## INSTRUCTIONS TO FOLLOW
Go through the data below and copy it exactly, skipping every picture.

## DATA RECORDS
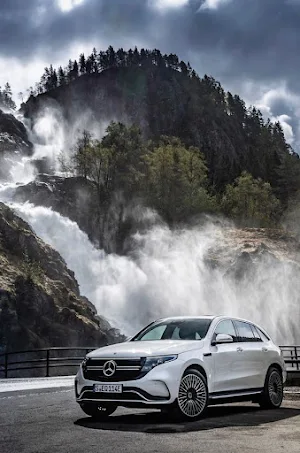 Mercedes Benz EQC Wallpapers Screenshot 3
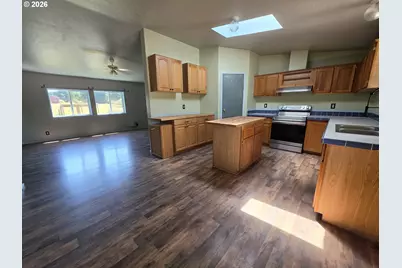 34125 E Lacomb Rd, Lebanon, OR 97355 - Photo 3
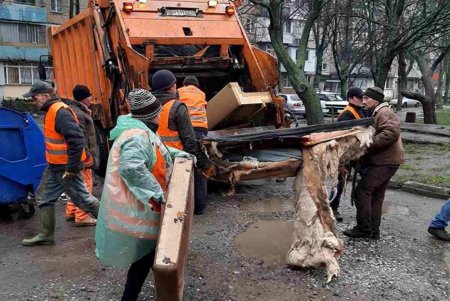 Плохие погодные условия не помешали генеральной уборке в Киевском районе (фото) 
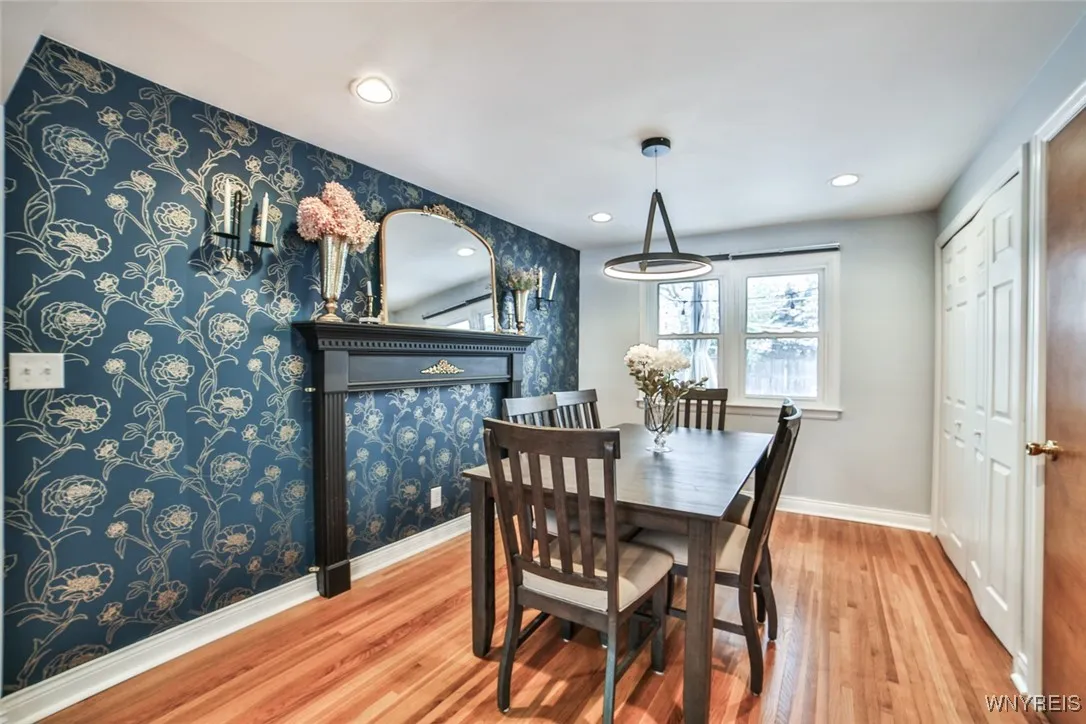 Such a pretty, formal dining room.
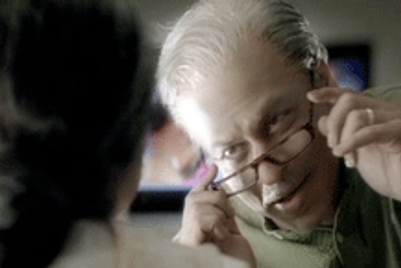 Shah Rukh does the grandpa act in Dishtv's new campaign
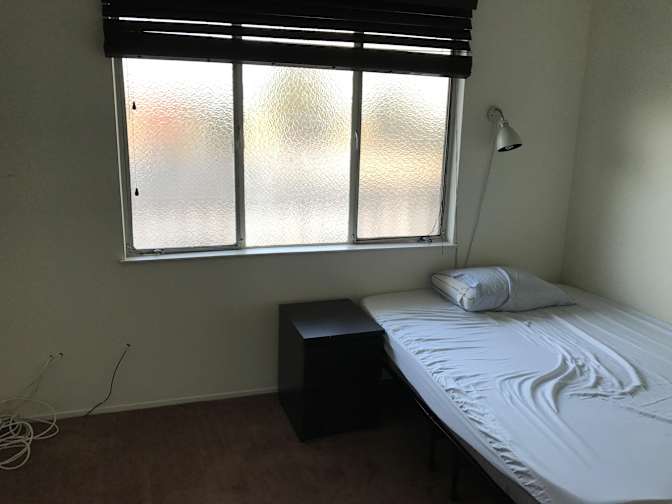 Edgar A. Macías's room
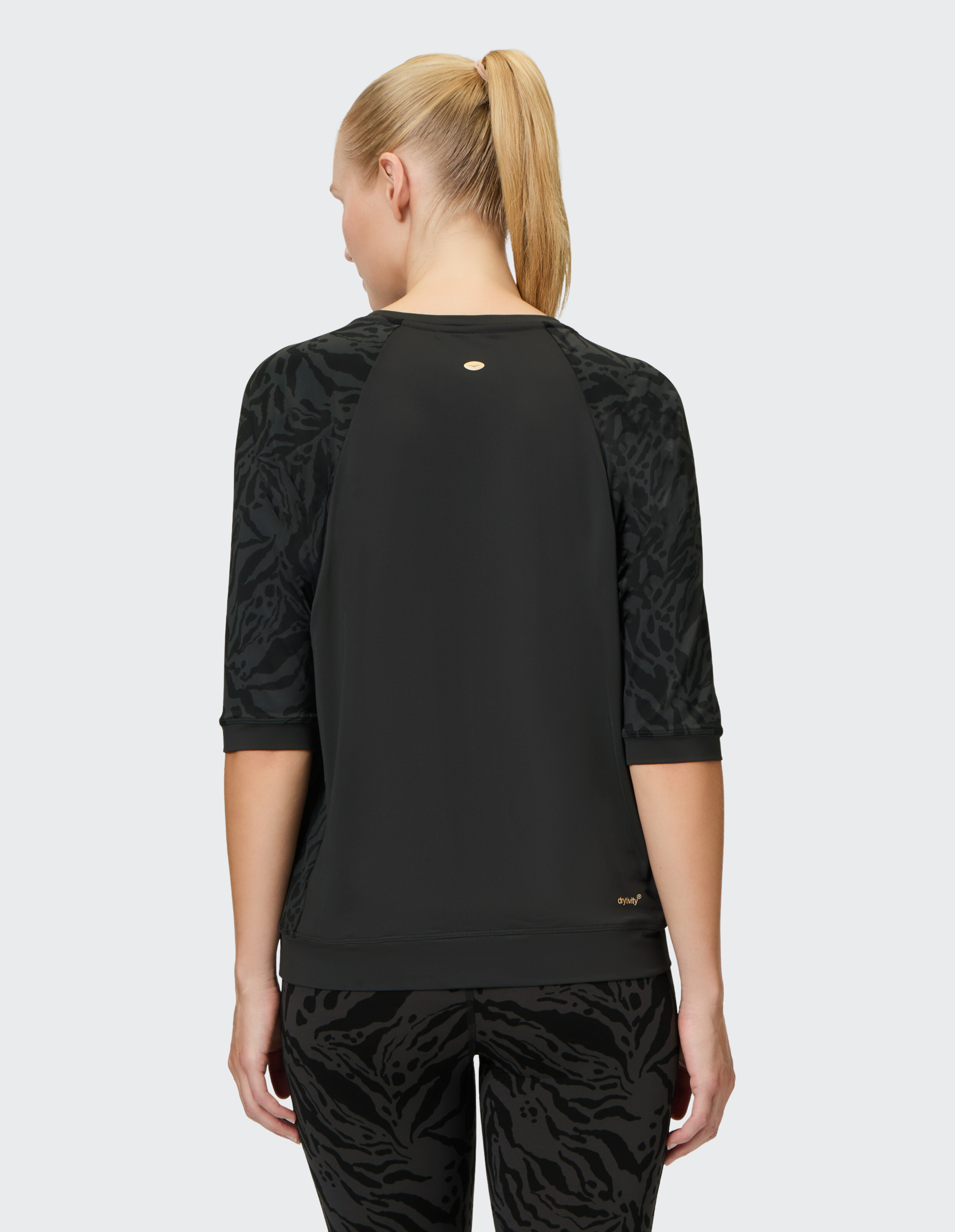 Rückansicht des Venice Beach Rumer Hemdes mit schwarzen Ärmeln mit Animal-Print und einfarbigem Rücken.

## ANSWER FOR THE TASK
 Mercedes Benz EQC Wallpapers Screenshot 3
 34125 E Lacomb Rd, Lebanon, OR 97355 - Photo 3
 Плохие погодные условия не помешали генеральной уборке в Киевском районе (фото) 
 Such a pretty, formal dining room.
 Shah Rukh does the grandpa act in Dishtv's new campaign
 Edgar A. Macías's room
 Rückansicht des Venice Beach Rumer Hemdes mit schwarzen Ärmeln mit Animal-Print und einfarbigem Rücken.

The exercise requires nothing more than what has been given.